Как диван после пожара в доме обнаруживает свой пружинный смысл, так и новейшая история обнажает проволочный каркас истлевшего мифа, примеривая на своих героев белые одежды вместо немодных мундиров и френчей. На подиуме Европы Россия показывает пленительный извив архетипа: наша верховная власть уже не одно столетие невротически воспроизводит ситуацию символического отцеубийства.

В этом наблюдении нет, конечно, ничего нового.

Мифологические пружины если не истории, то ее собственной рефлексии существуют далеко за пределами античных текстов.

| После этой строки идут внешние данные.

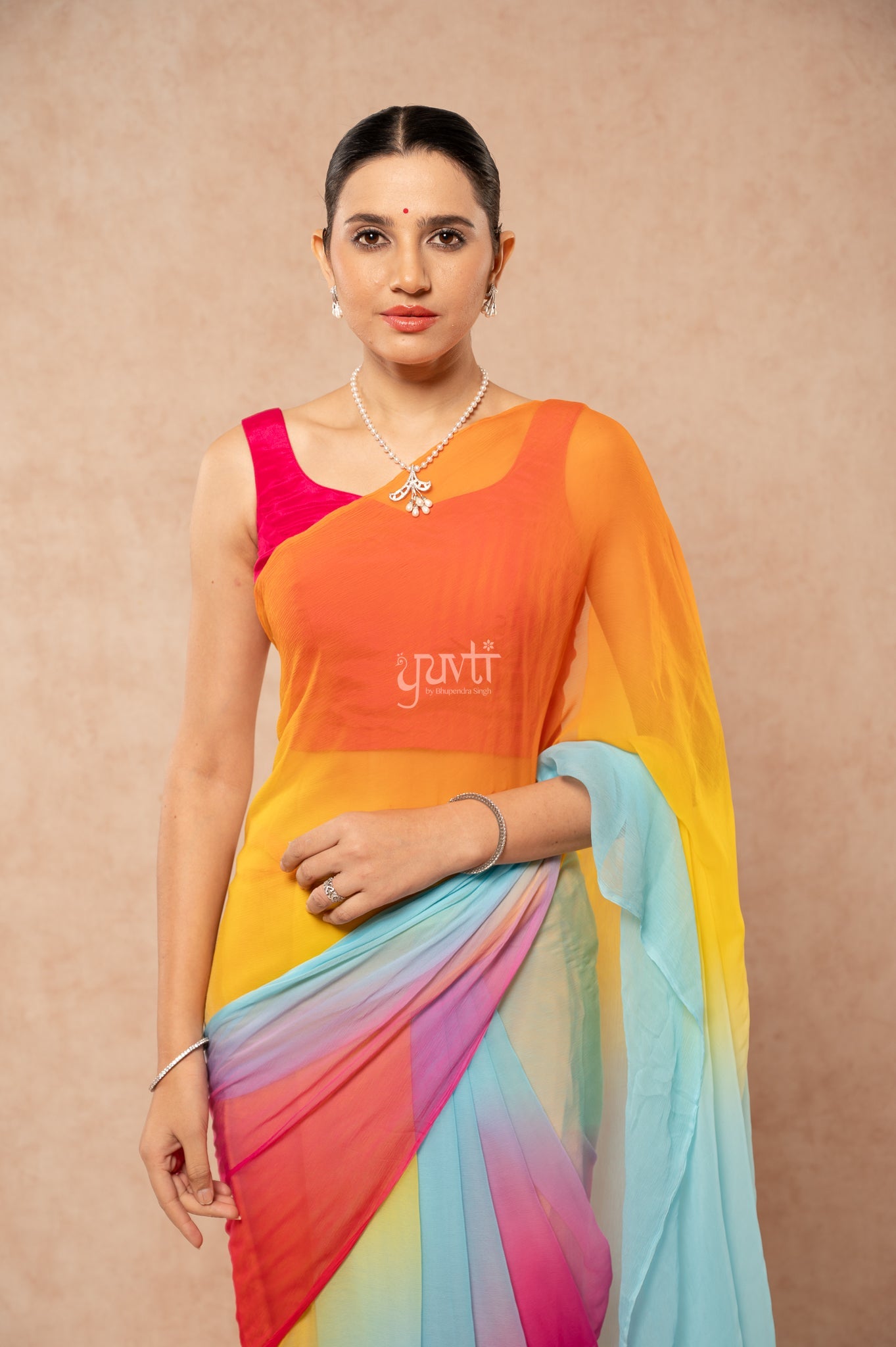 Red Rani Orange Yellow Aqua Viscose Chiffon Multicolour Hand-Dye Saree with Blouse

Томас Себеок, исследуя совсем другой миф, замечает: "Есть тонкий момент, позволяющий шире взглянуть на историю и подтверждающий фундаментальное положение Леви-Стросса: за кажущимся хаотическим потоком событий стоит некая упорядоченная рациональная инфраструктура. Она появляется не в конце истории, как ошибочно считал Гегель, а служит извечным достоянием человеческого сознания, и во времена Геродота не в меньшей степени, нежели в нашу научную эпоху".

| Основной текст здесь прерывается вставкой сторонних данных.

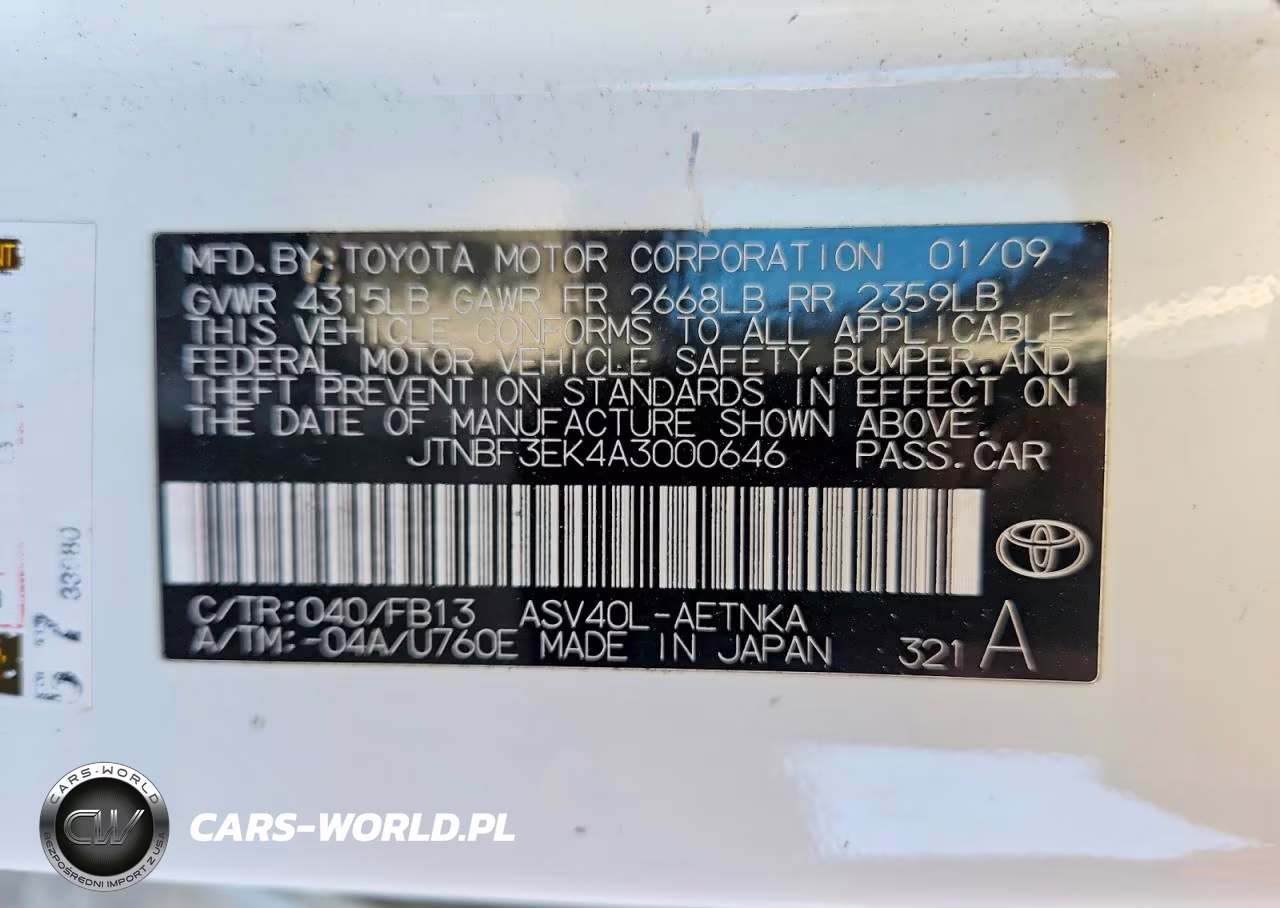 2010 Toyota Camry Le VIN:JTNBF3EK4A3000646 - 12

Невротизм русской политической истории вдохновлял Этьембля, Московичи, Деррида.

Главу Эдип в работе Back from Moscow, in the USSR Деррида начинает с анализа понятия "культура" у Этьембля и сетует на недостаток концептуальных инструментов для такого анализа и неразвитость его (анализа) аксиоматики, терминологических оснований.

Все так: кроме нескольких констатаций, развивать тему Эдипа особенно некуда, прогностические выводы в силу синхронии сюжета самоочевидны и как бы уже освоены в прошлом. Однако при том, что финал задан в начале, отсутствие термина не означает отсутствие предмета; кроме того, российская верховная власть, не устающая вписывать себя в схему античного мифа, делает соблазн праздного словоблудия по своему поводу совершенно непреодолимым. Политика, в конце концов, - это только повод для слов. И, возможно, снов.

Верховная власть бессознательного

Распрю начнешь сам с собой, и сыны унаследуют распрю.
Сенека. Эдип

Читающих по-русски (политическую аналитику) убеждают гипотезы и описания, не соотносимые в других странах с политикой, убеждают схемы, приложимые к литературе, к юности человечества, к домохозяйкам и призывникам, структурам их снов.

Убеждает объяснение, основанное на существенных, значимых критериях, даже если пренебрегает другими. Как лестницы снятся при воздержании, так и в реформируемой России можно пренебречь рациональным: мифологическое - существеннее.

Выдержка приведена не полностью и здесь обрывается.